Deasy then shifts focus to the history of the Irish independence movement, making assumptions about Stephen’s politics and generally striking the wrong chords.  You might take a look at these pages and note how little Stephen says in this conversation.  Deasy then asks a favor: he has written a letter on the topic of foot and mouth disease, a viral contagion that can decimate entire populations of cattle, and he’d like for Stephen to arrange for its publication in a Dublin newspaper.  As Deasy finishes copying the letter on his typewriter, Stephen looks around at the pictures of famous horses adorning Deasy’s walls.  He recalls a day of horserace gambling with Cranly.  He hears shouts and a whistle from the field hockey game outside, leading his mind to conflate the “battling bodies” (2.314) of the boys playing sports with the “slush and uproar of battles, the frozen deathspew of the slain, a shout of spearspikes baited with men’s bloodied guts” (2.317-18).  In this passage, we may find “barely disguised World War I imagery – bayonets, grenade blasts, mud, trench warfare” (Epstein 23).  When combined with the earlier image of Pyrrhus surveying “a corpsestrewn plain” (2.16), we might be reminded that the Great War was raging around Joyce as he composed “Nestor” in 1917 in neutral Switzerland. Bob Spoo has pointed out that many of the boys Stephen has just taught would have been sent to the trenches.

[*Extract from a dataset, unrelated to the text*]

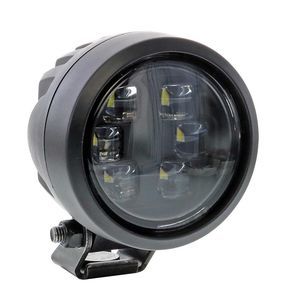 projecteur à LED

Deasy finishes copying the letter and hands both copies to Stephen, who skims it to get the gist that foot and mouth disease threatens the export of Irish cattle and that Deasy’s cousin in Austria claims that veterinarians there have developed a cure.  Deasy tells Stephen that he has encountered difficulties in getting the government’s attention on this issue, blaming conspiratorial intrigues and the covert influence of the Jews. Deasy’s anti-Semitism, similar to Haines’ in the previous episode, imagines Jews operating in the shadows and signaling “a nation’s decay” (2.348): “As sure as we are standing here the jew merchants are already at their work of destruction” (2.349-50).  Deasy’s anti-Semitism reinforces the hostile social context into which Joyce will place Mr. Bloom, whom we will meet in the novel’s fourth episode.  Stephen silently recalls a memory of Jewish businessmen in Paris.  While this passage includes derogatory stereotypes, it seems that Stephen expresses an overall attitude of sympathy, especially since he immediately speaks up to defend Jewish merchants as being no different from their gentile counterparts.  Deasy retorts that “they sinned against the light” (2.361), alluding to the Christian belief that the Jewish people are guilty of deicide, the murder of Jesus/God.  The idea of the mythological Wandering Jew makes its first appearance in the novel, foreshadowing Bloom’s 18 hours of wandering around Dublin.  You can be sure that Joyce will put his own spin on this old trope.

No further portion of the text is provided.